De lerares Engels kan niet verklaren waarom na 9 jaar onderricht het resultaat zo pover is, al moet gezegd worden dat Engels voor de Fransen een moeilijke taal is. Het schijnt te maken te hebben met de algemene tendens van lagere eisen en het accent op ‘communicatie’ ten koste van een grondige grammaticale onderbouw. Tweetalige leerlingen zijn niet noodzakelijkerwijs de besten van de klas (zie ook blog 26), want het Franse systeem stelt hoge eisen aan de schrijfvaardigheid en de zorgvuldigheid in de manier waarop de leerlingen zich moeten uitdrukken

Dit jaar staan de ‘classes préparatoires’ van de Republiek in het teken van de Schoonheid (Beauté).

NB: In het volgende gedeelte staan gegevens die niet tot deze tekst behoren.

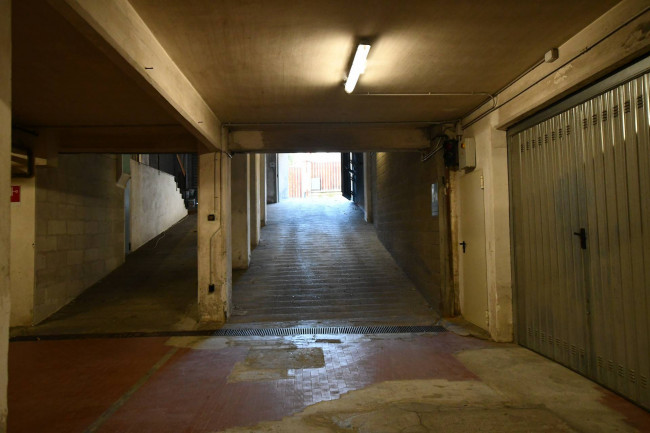 Appartamento in Vendita a Bardonecchia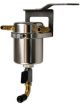 Moroso Air/Oil Separator Catch Can For GM Truck 14-19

De filosofische lessen en de aanbevolen litteratuur zijn daarop ingesteld. De leerlingen moesten een verhandeling schrijven ‘Dire la Beauté’ (Zeggen wat de Schoonheid is). Het lijkt zo eenvoudig, maar er schuilt een door de tijd gelouterde doctrine achter, een verwerking van abstracte intelligentie, taalbeheersing en uitdrukkingsvaardigheid: Iets moois aanwijzen (het kan een huis, een paard, een eiland enz. zijn), inhoud geven aan waarom het mooi is (thèse), een critiek (anti-thèse) en een conclusie. En dat alles met een methodologie die het afdwalen binnen de perken houdt. ‘Le savoir suppose le sens des nuances, le non-savoir se vautre dans les certitudes’ zegt men hier (de kennis vooronderstelt een gevoel voor nuancen, de onwetendheid wentelt zich in zekerheden). Het is mooi uitgedrukt, het raakt de kern van HNL, of liever gezegd het legt de vinger op het inherente gevaar dat bij gebrek aan kennis (in algemene zin) men zich ten onrechte gaat vastklampen aan veronderstelde zekerheden en daardoor de weerstand en de tegenspraak uit de weg gaat zoals men dat in Nederland ziet gebeuren. De regressie die men zo duidelijk aanvoelt bij het lezen van zoveel artikelen krijgt de allure van een nieuwe dialectische zekerheid, die men ‘een gepasseerd station’ noemt. Frans en Duits herstellen? Kom nou, een gepasseerd station! Internationaal hoofdkantoor denken? Idem dito in de ogen van de goeroes Teulings en Bovenberg van Exit Rhineland! enz. Wat zijn het voor intellectuelen die van de universiteiten komen, die geen ‘helicopter view’ meer hebben, die de verworvenheden uit het verleden niet meer constructief kunnen beoordelen, die op de vernieuwingstrein stappen, niet willen weten waar de noodrem is en maar voortdenderenn en ‘gepasseerde stations‘ als fataliteit accepteren? De krampachtige agitprop, wetenschappelijke instellingen onwaardig, die men in Nederlandse teksten regelmatig tegenkomt, is daar ook een uiting van. Er zou bij BON iemand moeten op staan die de verhullende werking daarvan, en vooral de Engelse versie, weet door te prikken. Hij zou zich daarbij kunnen laten inspireren door de analyse van de drogredenen door BON. ‘Goede wijn behoeft geen krans’ is gelukkig vooralsnog het devies in Frankrijk.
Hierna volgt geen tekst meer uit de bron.